VRAI. Très indépendantistes, ils n’ont jamais vécu sous un pouvoir centralisé kurde.
C'est un peuple des montagnes et un peuple anciennement nomade, ce qui ne prédispose pas à l’unification. De plus, l’organisation, encore très tribale, oppose souvent les chefs de tribus. Sandrine Alexie précise:
«Les Kurdes n'ont pas le culte du grand dictateur, ils seraient plutôt du genre gascon. Chaque Kurde est le roi de sa montagne. Alors ils se chamaillent, les rivalités sont fréquentes et faciles.»
En Irak du nord, les Kurdes ont connu une guerre civile de 1992 à 1996. Les grandes puissances régionales ont soutenu l'un ou l'autre parti, à tour de rôle. Les frères ennemis de l'UPK et du PDK se sont finalement réunifiés en 2003. Mais cette guerre qui a failli faire couler leurs rêves d’indépendance reste un souvenir traumatique pour les Kurdes.
FAUX. Malgré le harcèlement judiciaire, les arrestations et les emprisonnements dont ils sont l’objet, les Kurdes de Turquie ne vivent plus les années de plomb (déportations, villages brûlés, tortures de masse, disparitions de militants, opérations du Hezbollah turc) qu'ils ont connues dans les années 1980-1990 avant l'arrivée au pouvoir des islamo-conservateurs de l'AKP.
En Iran, le traitement des Kurdes est pire (interdiction de toutes les langues minoritaires, dont l'arabe, interdiction des journaux en kurde, des associations culturelles de défense des droits de l'homme, des associations féministes, des syndicats kurdes, persécutions, répression de tout début d’expression de la société civile).
Les arrestations, les emprisonnements, les tortures sont nombreuses à l’égard des militants ou des combattants du Parti pour une vie libre au Kurdistan (PJAK) qui seraient soutenus par la CIA. Les condamnations à mort également car les Kurdes du PJAK, se définissant parfois comme athées et plutôt marxistes (la ligne politique du PKK-PJAK est très difficile à suivre mais ils sont anti-islam).

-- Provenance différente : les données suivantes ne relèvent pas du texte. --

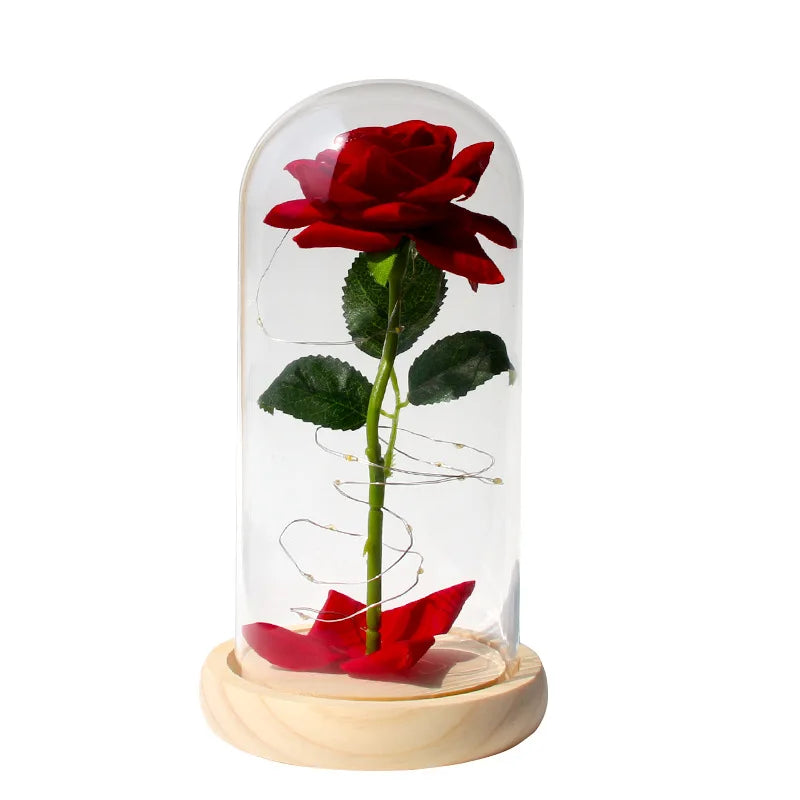 LED Rose Vase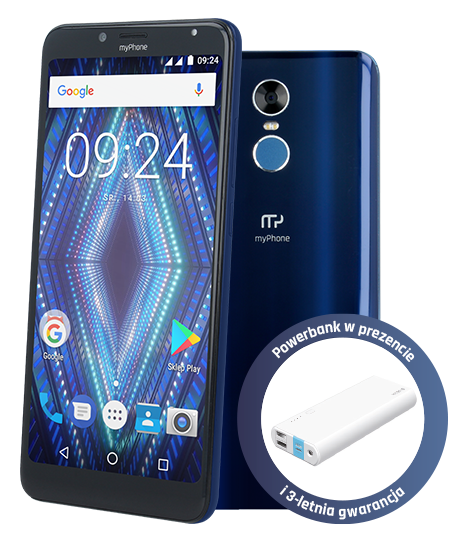 myPhone Prime 18x9 powerbank
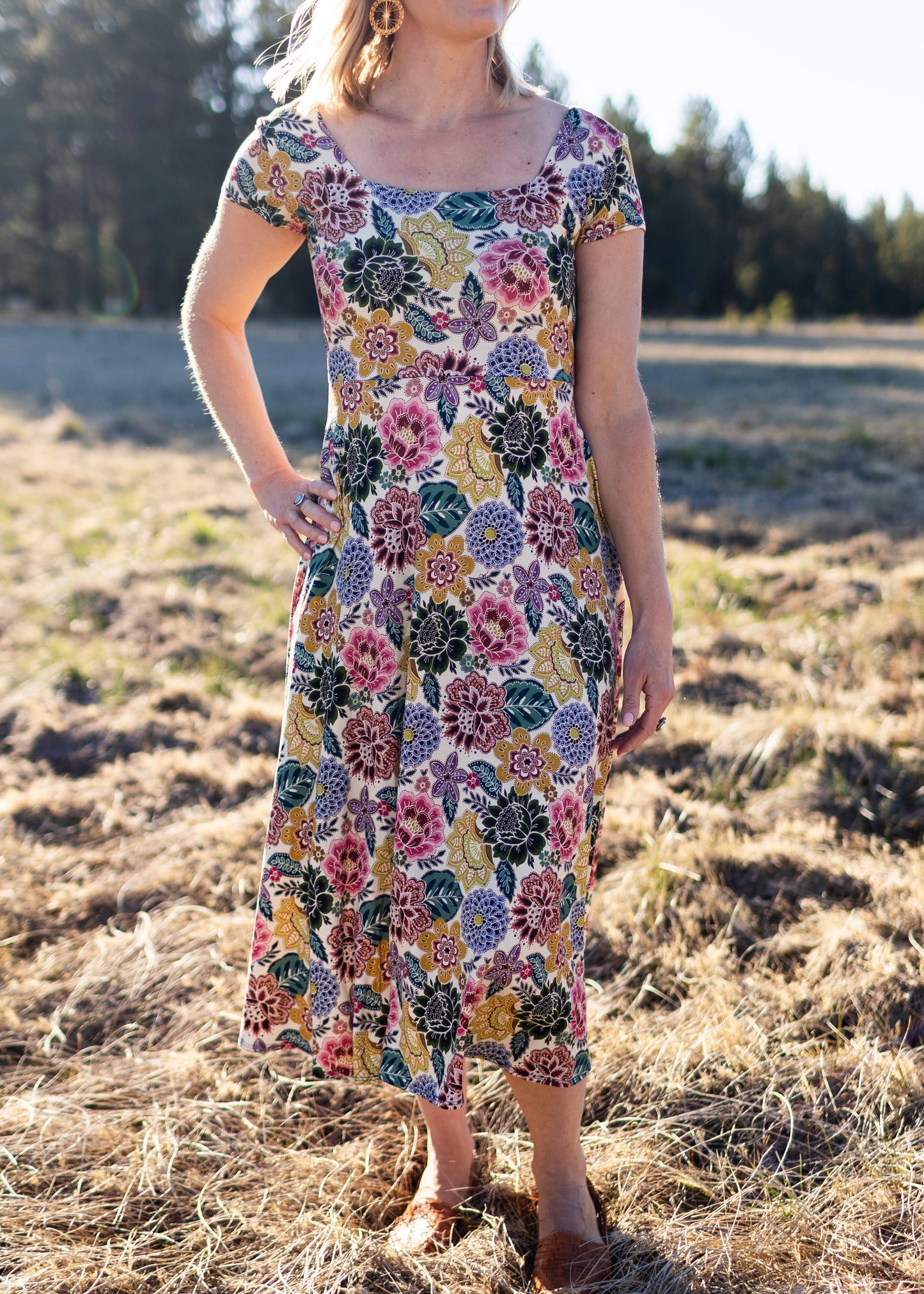 Bridgette Dress in Vintage Floral Print | Salaam
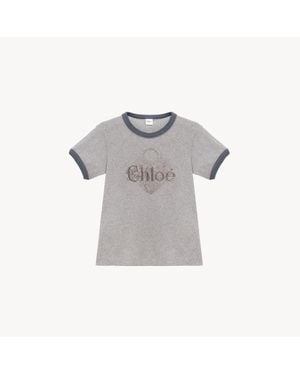 Chloé Crew-neck Baby Fit T-shirt - Grey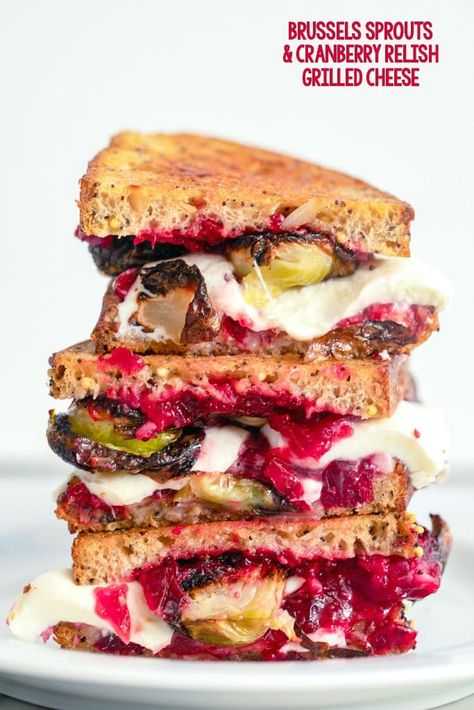 Make From Scratch, Cranberry Relish, Cranberry Cheese, Meatless Main Dishes, Thanksgiving Leftovers, Roasted Brussel Sprouts, Wrap Sandwiches, Brussels Sprouts, Grilled Cheese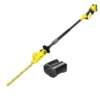 STANLEY FATMAX V20 18V Cordless Pole Hedge Trimmer 45cm (Sfmcph845M1-Gb) -Sandtex Shop 12882305 1064843590206631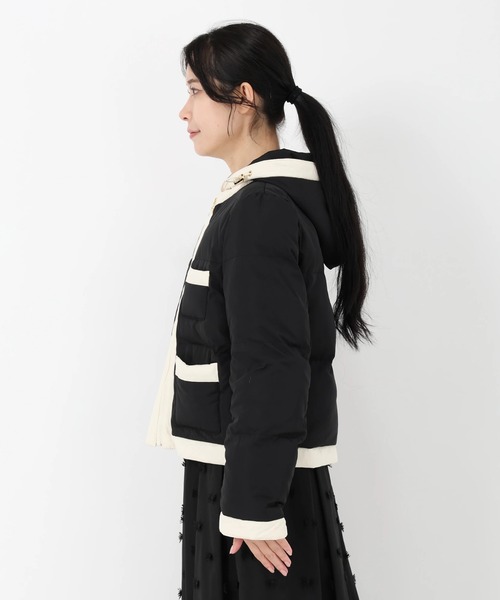 パフィータフタ_バイカラーパフィーアウター（ブルゾン）｜STRAWBERRY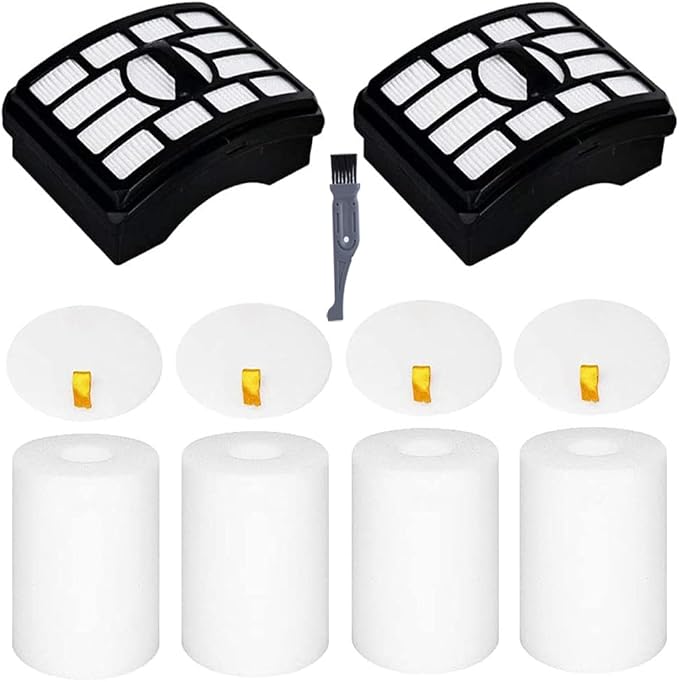 I-clean Filter Kits Compatible with Shark Rotator Pro Lift-away NV501 NV500 NV502 NV503 NV505 NV510 NV520 NV552 ZU780 ZU782 ZU785 UV560 [Not fit NV650 NV755 series] - AquaVibe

Il y a aussi les Kurdes sunnites qui sont mal vus des mollahs. Tous peuvent être condamnés (et le sont souvent) comme «ennemis de Dieu» par les Hautes cours révolutionnaires d'Iran, ce qui est passible de la peine capitale.
VRAI. Soit la démocratie est instaurée et les Kurdes y gagnent au moins une plus grande autonomie locale et une reconnaissance constitutionnelle de leur peuple et de leur langue; soit c’est le chaos, avec des zones d’influences diverses et là aussi ils peuvent en tirer profit car ils veulent reproduire ce qui s'est passé en Irak en 1992 (autonomie) lorsque Saddam Hussein s'est retiré du nord du pays.
Dans ce cas, ils empêcheront le retour des soldats arabes dans les zones que le régime de Bachar el-Assad leur a laissées. Et ne laisseront pas non plus entrer l'armée de libération syrienne (ASL), car ils craignent l'influence des djihadistes qui se battent aux côtés de l'ALS (les clashs entre milices de l’ASL et celles du PYD-PKK ont déjà commencé).
La stratégie du PYD-PKK pourrait être la suivante: on laisse les Syriens sunnites s'affronter aux Syriens chiites, on protège nos minorités et notre population et on sécurise nos zones.
«Mais on ne peut pas exclure non plus une guerre civile entre Kurdes du PYD-PKK et Kurdes de la nouvelle coalition révolutionnaire», explique Sandrine Alexie. Si les Peshmergas syriens (volontaires, déserteurs de l'armée syrienne qui se sont réfugiés au Kurdistan d'Irak) ne sont pas encore revenus en force dans le nord de la Syrie, c'est probablement parce que tout le monde craint des affrontements inter-kurdes.